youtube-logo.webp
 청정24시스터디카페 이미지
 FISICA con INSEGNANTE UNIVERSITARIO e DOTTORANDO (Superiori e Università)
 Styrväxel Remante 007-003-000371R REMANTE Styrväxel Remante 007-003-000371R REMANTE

■ ■ ■ ■ ■

** Exercise directions **
In the listing above, find the line with "청정24시스터디카페 이미지", then copy it and every later line exactly, through the last line, and nothing else.

** Task result **
 청정24시스터디카페 이미지
 FISICA con INSEGNANTE UNIVERSITARIO e DOTTORANDO (Superiori e Università)
 Styrväxel Remante 007-003-000371R REMANTE Styrväxel Remante 007-003-000371R REMANTE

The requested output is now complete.